YOUR TASK: Would you restate each entry word for word, omitting the pictures?

-- DATA RECORDS follows --

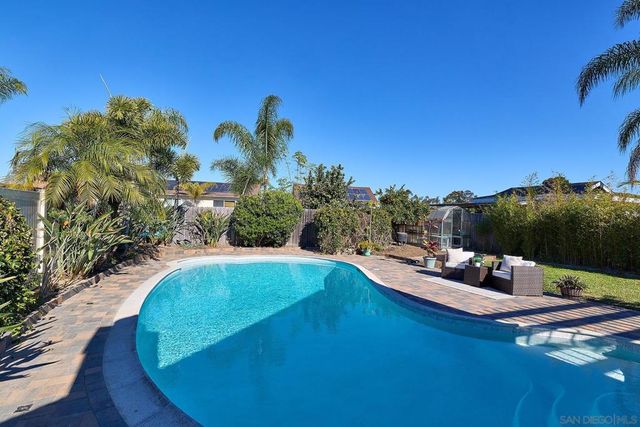 7962 Merrington Pl, San Diego, CA 92126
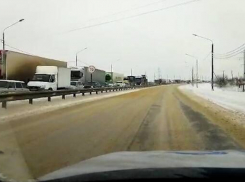 Со стороны Камышина въезд в Волгоград на федеральной трассе преграждает двухкилометровый затор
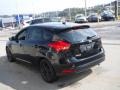 2018 Shadow Black Ford Focus SE Hatch  photo #7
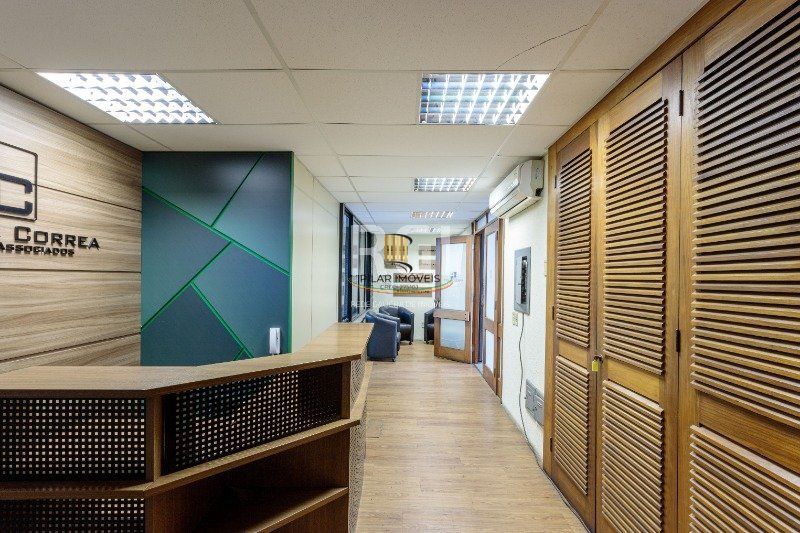 Predio para Venda - 1024m², 0 dormitórios, 9 vagas - São João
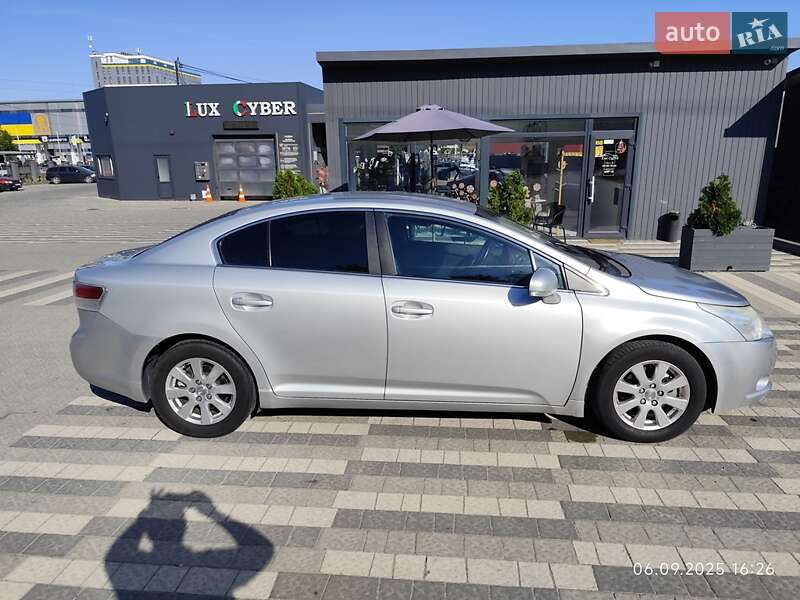 Седан Toyota Avensis 2010 в Львове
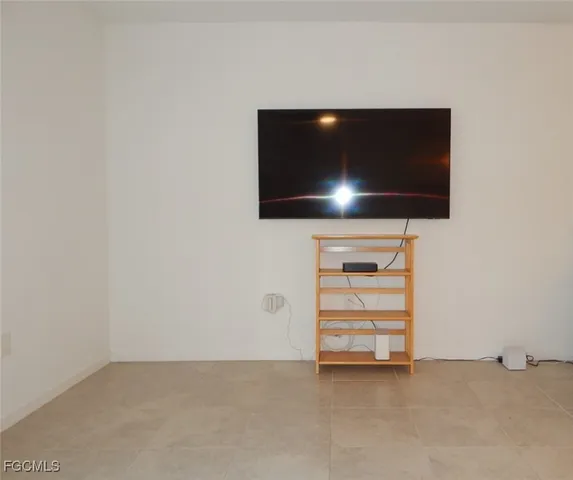 $2,000 | 1437 Weeping Willow Court, Cape Coral, FL 33909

-- DATA RECORDS concluded --

OUTPUT:
 7962 Merrington Pl, San Diego, CA 92126
 Со стороны Камышина въезд в Волгоград на федеральной трассе преграждает двухкилометровый затор
 2018 Shadow Black Ford Focus SE Hatch  photo #7
 Predio para Venda - 1024m², 0 dormitórios, 9 vagas - São João
 Седан Toyota Avensis 2010 в Львове
 $2,000 | 1437 Weeping Willow Court, Cape Coral, FL 33909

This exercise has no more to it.